Researchers believe a computer programme that can identify breast cancer from routine scans with greater accuracy than human experts will be a vital breakthrough.
The study’s authors, including several representatives from Google Health, trained their AI algorithm with mammograms from more than 25,000 patients in the United Kingdom and more than 3,000 women in the United States.
To compare the algorithm’s performance with human specialists, the team asked a separate, unaffiliated research organization to conduct a reader study involving six MQSA-compliant radiologists. The study included 500 mammograms selected at random from the US dataset and radiologists used BI-RADS scores to grade each image.

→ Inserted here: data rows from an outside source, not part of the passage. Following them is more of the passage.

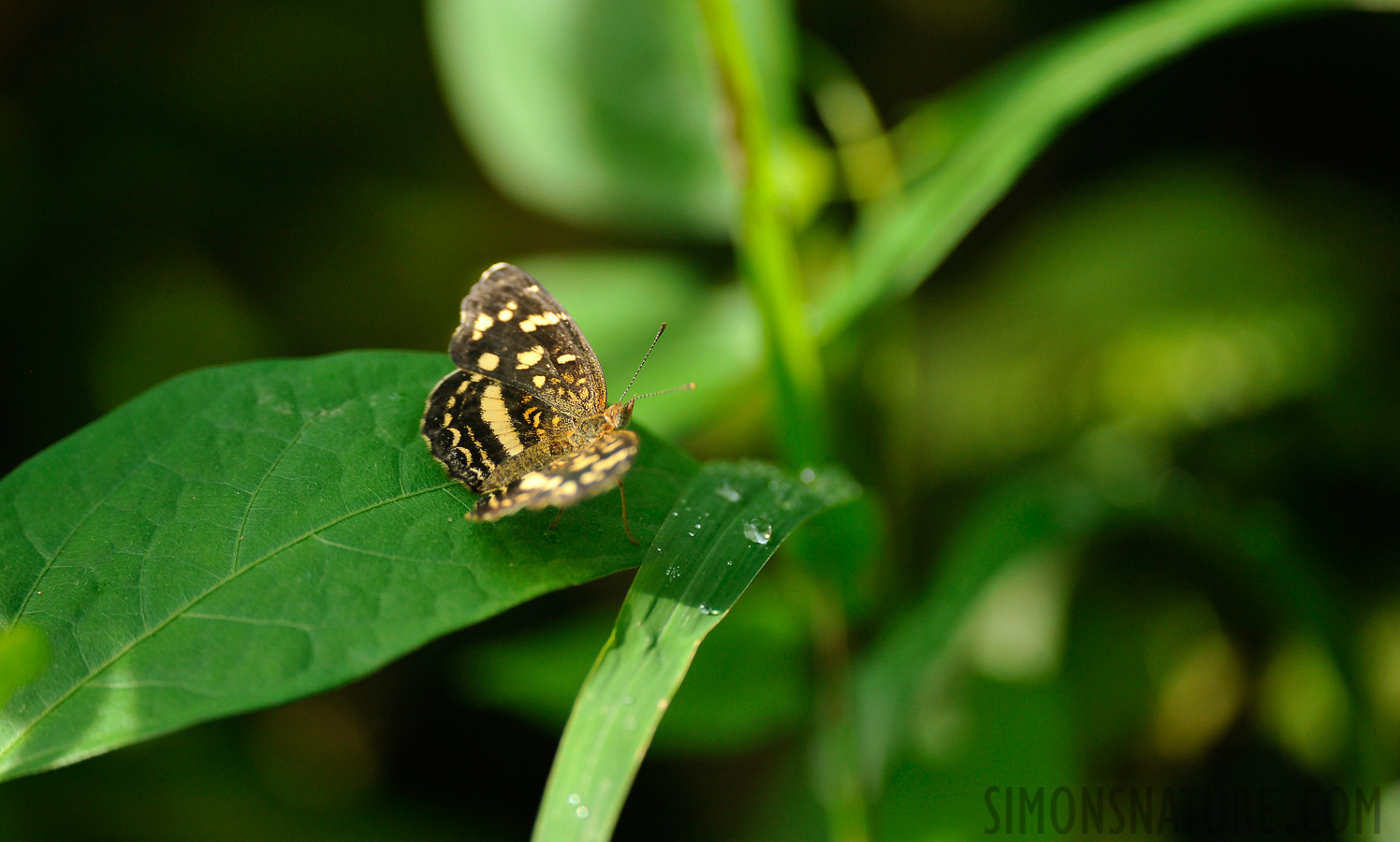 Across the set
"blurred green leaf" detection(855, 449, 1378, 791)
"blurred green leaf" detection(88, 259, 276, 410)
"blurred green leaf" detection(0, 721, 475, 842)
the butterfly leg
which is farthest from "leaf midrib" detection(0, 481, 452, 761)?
"blurred green leaf" detection(88, 259, 276, 410)

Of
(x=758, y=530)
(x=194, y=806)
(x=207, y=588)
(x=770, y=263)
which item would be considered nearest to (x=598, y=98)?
(x=770, y=263)

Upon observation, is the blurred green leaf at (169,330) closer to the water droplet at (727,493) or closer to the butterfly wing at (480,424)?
the butterfly wing at (480,424)

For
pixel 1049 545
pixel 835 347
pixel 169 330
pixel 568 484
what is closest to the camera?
pixel 568 484

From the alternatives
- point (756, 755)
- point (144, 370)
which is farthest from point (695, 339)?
point (144, 370)

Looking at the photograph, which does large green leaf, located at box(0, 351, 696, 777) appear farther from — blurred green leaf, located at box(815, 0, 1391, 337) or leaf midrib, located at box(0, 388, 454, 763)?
blurred green leaf, located at box(815, 0, 1391, 337)

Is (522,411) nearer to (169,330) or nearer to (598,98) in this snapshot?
(598,98)

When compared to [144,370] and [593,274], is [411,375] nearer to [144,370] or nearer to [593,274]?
[593,274] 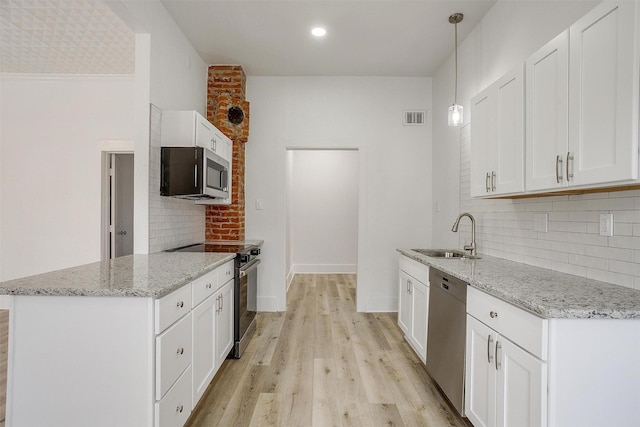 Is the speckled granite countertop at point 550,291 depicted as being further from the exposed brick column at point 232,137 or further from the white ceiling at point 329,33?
the exposed brick column at point 232,137

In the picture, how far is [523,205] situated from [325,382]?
6.17 ft

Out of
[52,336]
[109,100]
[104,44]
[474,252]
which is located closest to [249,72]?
[104,44]

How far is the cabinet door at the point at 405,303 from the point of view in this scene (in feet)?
10.1

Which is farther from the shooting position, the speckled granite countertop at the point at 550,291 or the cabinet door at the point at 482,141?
the cabinet door at the point at 482,141

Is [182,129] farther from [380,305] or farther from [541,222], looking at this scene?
[380,305]

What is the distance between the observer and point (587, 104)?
1450mm

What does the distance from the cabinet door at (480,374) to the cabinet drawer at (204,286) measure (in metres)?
1.55

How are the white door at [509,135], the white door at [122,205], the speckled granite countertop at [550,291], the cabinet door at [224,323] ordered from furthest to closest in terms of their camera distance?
the white door at [122,205] < the cabinet door at [224,323] < the white door at [509,135] < the speckled granite countertop at [550,291]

Breast cancer is one of the most common cancers in women, with more than two million new diagnoses last year alone. Regular screening is vital in detecting the earliest signs of the disease in patients who show no obvious symptoms.
In Britain, women over 50 are advised to get a mammogram every three years, the results of which are analysed by two independent experts. However, interpreting the scans leaves room for error, and a small percentage of all mammograms either return a false positive - misdiagnosing a healthy patient as having cancer - missing the disease as it spreads.
“False positives can lead to patient anxiety, unnecessary follow-up and invasive diagnostic procedures."
The algorithm led to an absolute reduction in false-positive findings of 5.7% for the US dataset and 1.2% for the UK dataset. It also reduced the percentage of missed diagnoses by 9.4 percent among US patients and by 2.7 percent in Britain.
The applications for AI in diagnoses are seemingly endless. It feels like every week there are some advancements in the field. Although up until now, many of these projects have barely made it out of the pilot stage. In 2020, many experts are now tipping these technologies to become more widespread in the healthcare industry.